Getting Confident About Confidence Intervals

Written on March 9, 2022

In most statistical research, we take a sample of data from a larger population to analyze. This allows us to come to conclusions that are representative of our population faster and at lower cost. Confidence intervals provide a range around a sample estimate that likely contains the actual population parameter. In this post, we’ll dive into how we can use and properly explain confidence intervals.

Sample vs. Population

When working with data, we generally use a representative sample of a larger population to perform analysis. Performing analysis on an entire population can be extremely costly, and in some cases, impossible.

A good example of the difficulties surrounding working with a population is polling. If we wanted to get the public’s opinion on the MJ vs. Lebron debate, we wouldn’t seek an answer out from every basketball fan in the world. We would take a representive sample and collect their answers. This sample estimate could be used to come to a conclusion about the population within some margin of error.

Confidence intervals provide an upper and lower bound to our sample estimate, allowing us to represent the uncertainty that comes with the sample estimate.

How to Interpret Confidence Intervals

There are a lot of misconceptions with what confidence intervals represent. They can be a bit confusing when we just think of them in a single analysis, but they make a lot more sense when we think of sampling from a population.

Over several repeated samples, the confidence interval will contain the true population value at a specific confidence level. So if our confidence level was 95%, we’d expect that out of 100 independent sample estimates, around 95 would have a confidence interval that contains the true population value.

If looking at a single event rather than a long-term run of samples, we could say that we are x% confident the interval contains the true population value. Note that we would not attach a probability to this statement (i.e. there is x% probability); the event has happened and the confidence interval either contains the population value or it does not.

Exercise Run-Through

In this run-through, we’ll explore ages of players. Specifically, we’ll look at creating confidence intervals around the mean age of everyone who played in a given season. In this scenario, we’ll treat all NBA players in the 2021 season as our population.

To get a sense of how confidence intervals work, we’ll take samples from this population and calculate average player age within each sample, as well as confidence intervals for those sample means. In this case, we know the true population mean, so we can compare our confidence intervals against the population mean.

Data

We’ll pull player ages from basketball reference. We can use the player stats tables for the 2021 season to gather all players who actually played (our population). These tables also include player ages.
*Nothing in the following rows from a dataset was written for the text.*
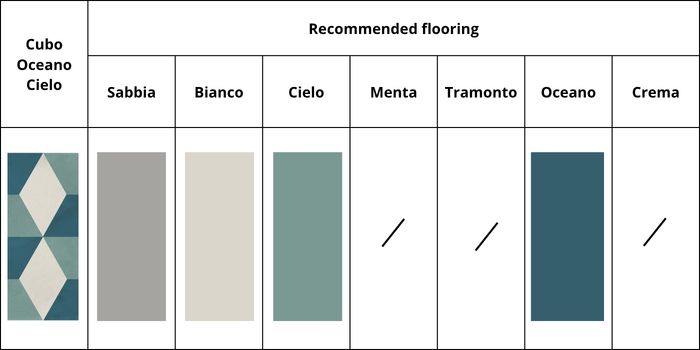 cubo oceano cielo combinations colours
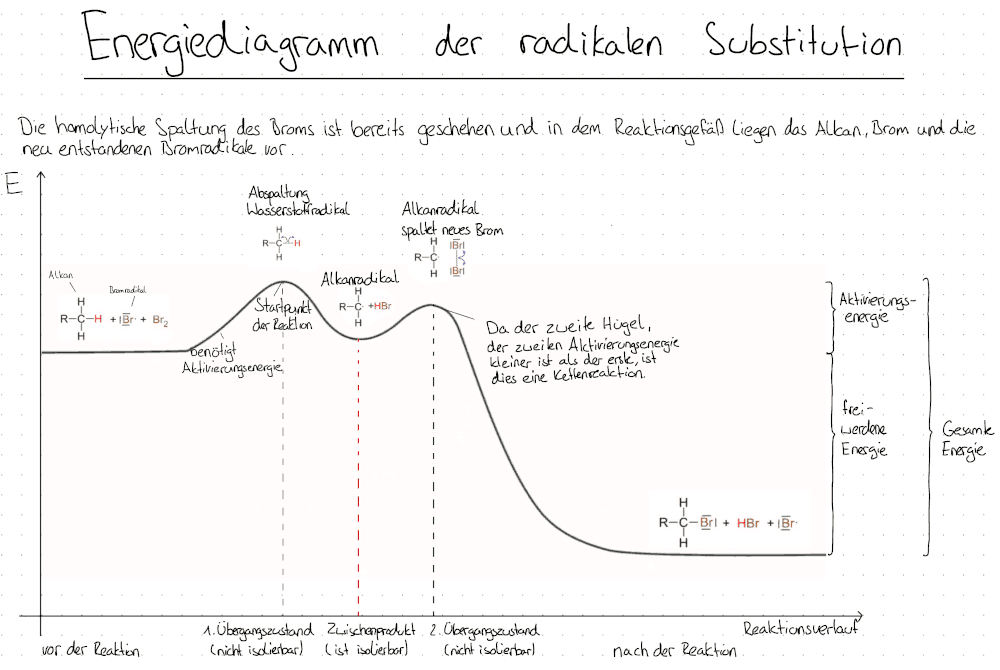 Energiediagramm radikalische Substitution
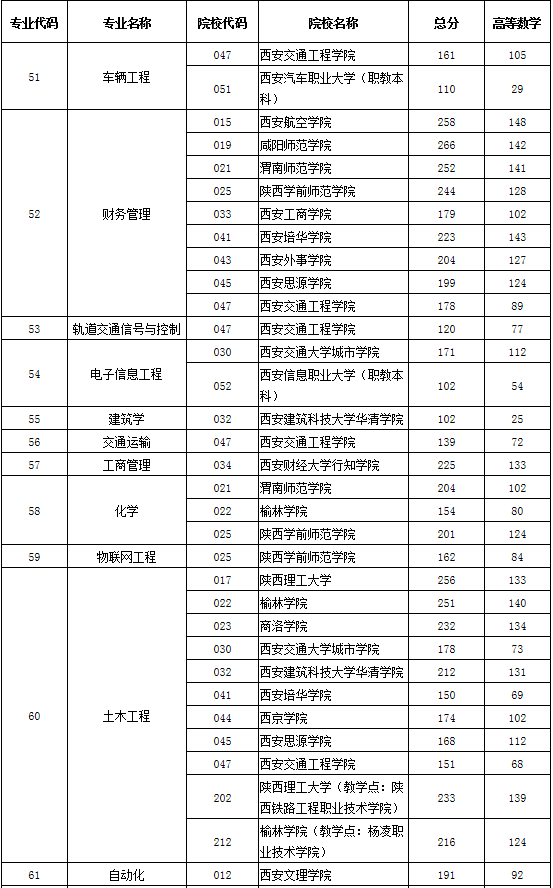 2020年陜西專升本理工類分?jǐn)?shù)線(圖1)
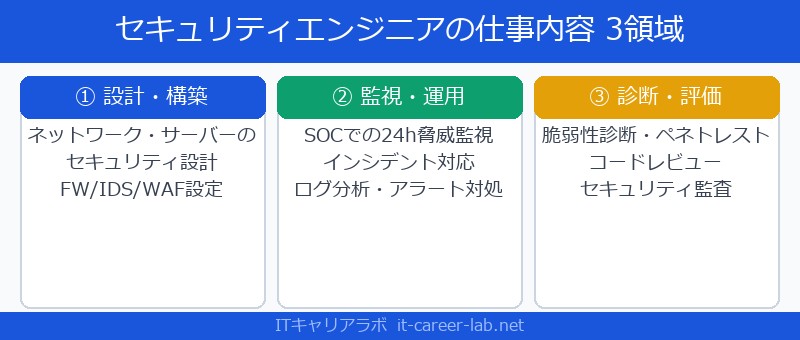 セキュリティエンジニアの仕事内容3領域早見表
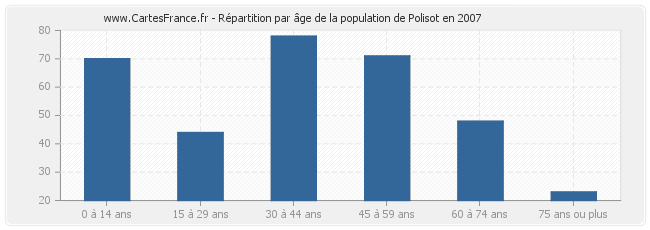 Répartition par âge de la population de Polisot en 2007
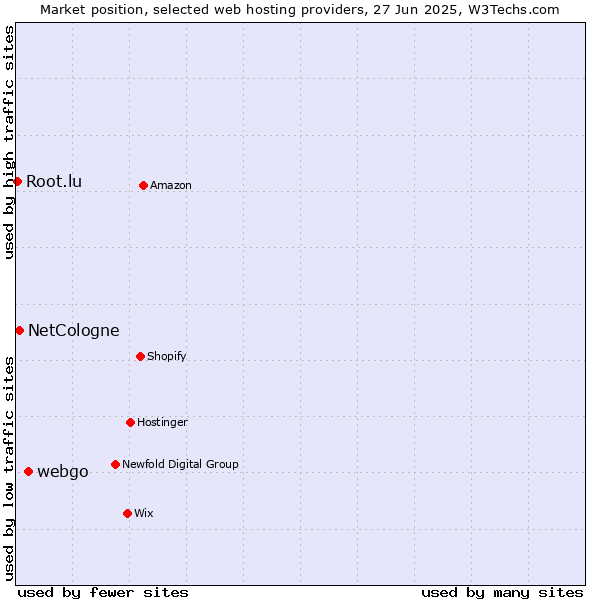 Market position of webgo vs. NetCologne vs. Root.lu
Here, we pull in the total stats table and do a bit of cleaning to get a tibble with a player and age column.

library(rvest)
library(tidyverse)

player_age <- read_html("https://www.basketball-reference.com/leagues/NBA_2021_totals.html") %>%
  html_node("#totals_stats") %>%
  html_table() %>%
  rename_all(.funs = ~tolower(.)) %>%
  select(player, age) %>%
  distinct(player, .keep_all = T) %>%
  filter(player != "Player") %>%
  mutate(age = as.numeric(age))

We can calculate the average age of all players who played during the 2021 season to get our population mean. Just a reminder that this is a toy example; most of the time we won’t be able to calculate population level statistics. If we were able to, confidence intervals wouldn’t be necessary!
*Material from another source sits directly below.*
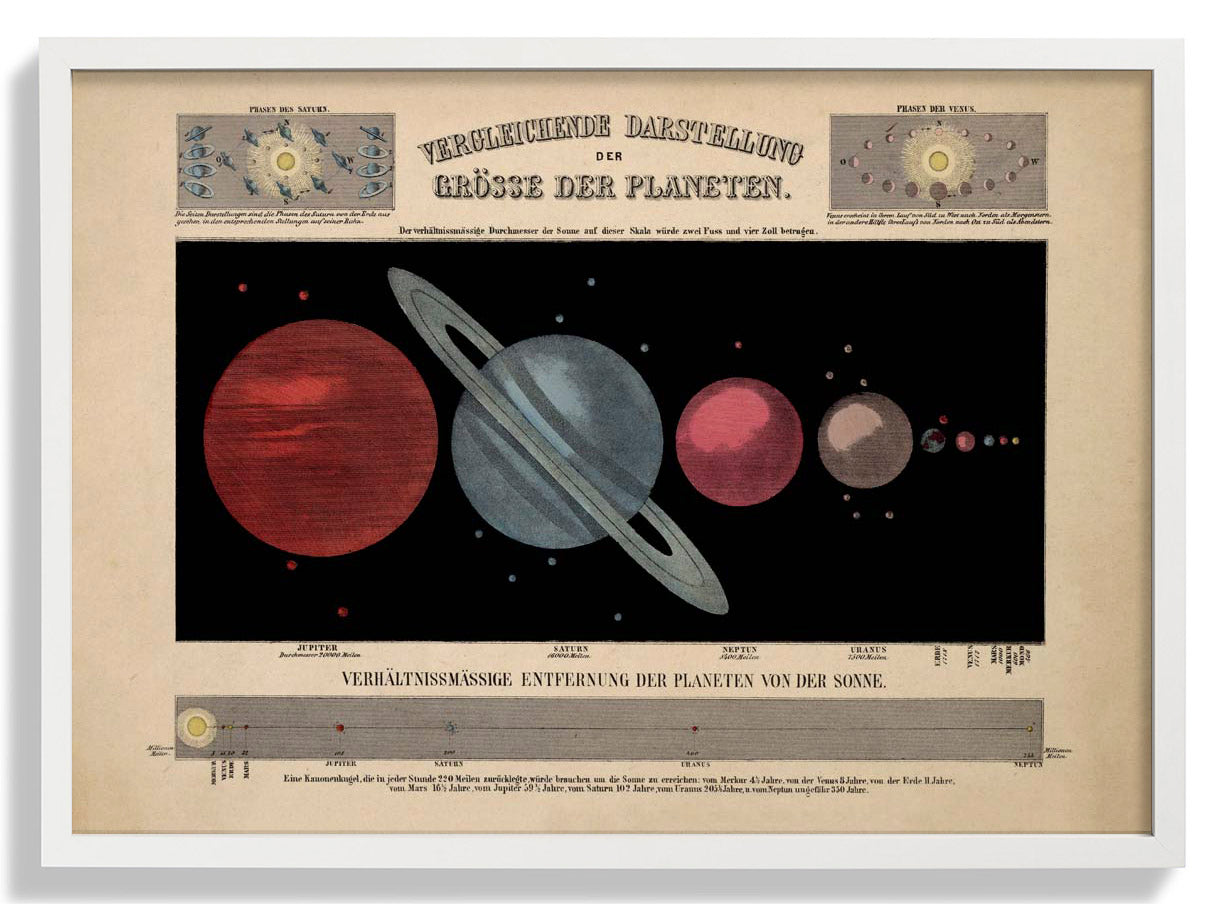 Größe der Planeten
# Population mean is around 25-26
mean(player_age$age)
## [1] 25.55556

Now, we’re going to create several independent samples from this player population. We’ll create 20 sample groups from this dataset. To do this, we’ll set up a random vector called sample_groups; to create this vector, we’ll sample from the values 1-20 as many times as there are rows in the player_age dataframe. We’ll then assign this field to the player_age dataframe. This allows every player to have a sample group value between 1-20.

# Setting seed so we can reproduce samples
set.seed(123)
sample_groups <- sample(1:20, nrow(player_age), replace = T)

# Assigning sample groups vector to dataframe
sample_df <- player_age %>%
  mutate(sample = sample_groups)

Now we have 20 samples of players and their respective ages. The formula for the confidence interval is going to differ based on what parameter we’re estimating but specifically for the mean, we’ll need the following:

  • Sample mean
  • Sample standard deviation
  • Sample size
  • Standard error of the mean
    • Measures how far the sample mean is likely to be from the population mean
    • Calculated as the sample standard deviation divided by the square root of the sample size

We’ll calculate each of the above values for every sample:

sample_summary <- sample_df %>%
  group_by(sample) %>%
  summarize(avg = mean(age),
            st_dev = sd(age),
            sample_size = n()) %>%
  mutate(st_error = st_dev / sqrt(sample_size))

With the standard error, we can calculate the width of the confidence interval, also known as the margin of error. To calculate the margin of error, we’ll multiply the standard error by the t-value corresponding to a 95% confidence level.

We’ll use the qt function to calculate the t-value. We need to specify our degrees of freedom (sample size - 1) and our probability (.975). Once we have the margin of error, we just need to add and subtract it to our sample average to get our confidence interval.

sample_ci <- sample_summary %>%
  mutate(error = qt(.975, df = sample_size - 1) * st_error) %>%
  mutate(low_ci = avg - error,
         high_ci = avg + error) %>%
  select(sample, avg, low_ci, high_ci)

Now we have a 95% confidence interval for each of our samples. We’d expect that around 95% of our samples’ confidence intervals will include the population mean. Let’s find out what percentage of our confidence intervals contain the population mean:

sample_ci %>%
  mutate(contain_pop = ifelse(low_ci <= mean(player_age$age) &
                                high_ci >= mean(player_age$age), 1, 0)) %>%
  summarize(contain_pop_rate = mean(contain_pop))
## # A tibble: 1 x 1
##   contain_pop_rate
##              <dbl>
## 1              0.9

So 90% of our confidence intervals include the population mean. This is a little less than expected, but we’re dealing with only 20 samples. Over the long run, we’d expect to see this rate shift up to 95%.

With this tutorial, we now have a good understanding of what confidence intervals truly represent. They’re an easy thing to misinterpret, but when we look at it in a sampling / population context, we can get a better understanding of their meaning.